ICDAR 2015 Official Website | Download Link
Note: Please register an account to download this dataset.
ICDAR 2015 Challenge has three tasks. Task 1 is Text Localization. Task 3 is Word Recognition. Task 4 is End-to-end Text Spotting. Task 2 Text Segmentation is not available.
The four files downloaded for task 1 are
ch4_training_images.zip
ch4_training_localization_transcription_gt.zip
ch4_test_images.zip
Challenge4_Test_Task1_GT.zip
The three files downloaded for task 3 are
ch4_training_word_images_gt.zip
ch4_test_word_images_gt.zip
Challenge4_Test_Task3_GT.txt
The three files are only needed for training word recognition models. Training text detection models does not require the three files.

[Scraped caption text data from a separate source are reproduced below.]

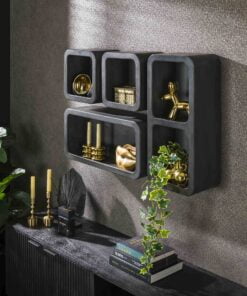 Køb Clay - Hyldesæt af massiv gråbejdset akacietræ online billigt møbel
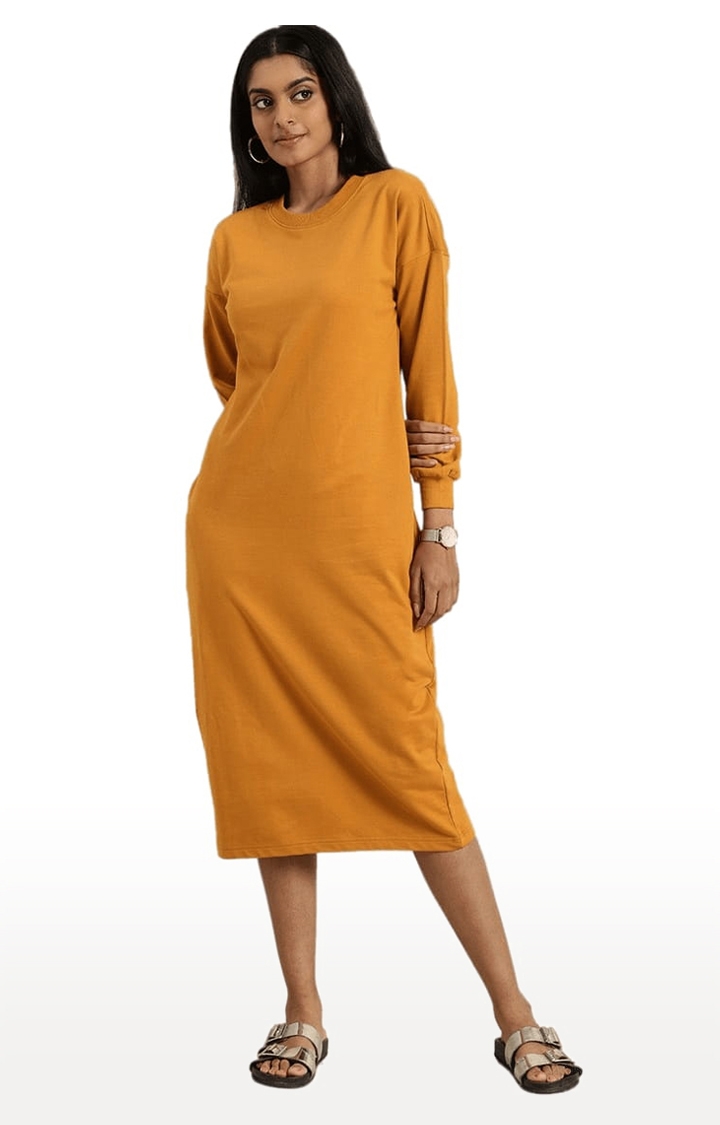 Women's Orange Solid Sheath Dress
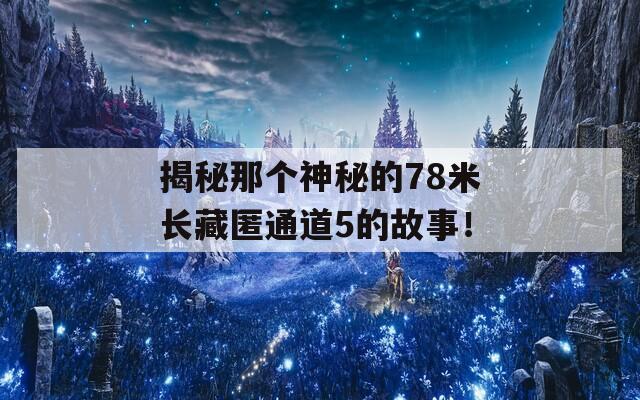 揭秘那个神秘的78米长藏匿通道5的故事！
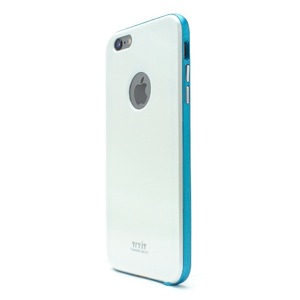 iPhone6 Plus ケース カバー Tryit Slim Fit Case・Metalic Series for iPhone 6 Plus (White×Blue)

The nine files downloaded for task 4 are the union of the four files in the text localization task (task 1) and five vocabulary files
ch4_training_vocabulary.txt
ch4_training_vocabularies_per_image.zip
ch4_test_vocabulary.txt
ch4_test_vocabularies_per_image.zip
GenericVocabulary.txt
If you download a file named Challenge4_Test_Task4_GT.zip
, please note that it is the same file as Challenge4_Test_Task1_GT.zip
, except for its name. In this repository, we will use Challenge4_Test_Task4_GT.zip
for ICDAR2015 dataset.
After downloading the icdar2015 dataset, place all the files under [path-to-data-dir]
folder:
path-to-data-dir/
ic15/
ch4_test_images.zip
ch4_test_vocabularies_per_image.zip
ch4_test_vocabulary.txt
ch4_training_images.zip
ch4_training_localization_transcription_gt.zip
ch4_training_vocabularies_per_image.zip
ch4_training_vocabulary.txt
Challenge4_Test_Task4_GT.zip
GenericVocabulary.txt
ch4_test_word_images_gt.zip
ch4_training_word_images_gt.zip
Challenge4_Test_Task3_GT.zip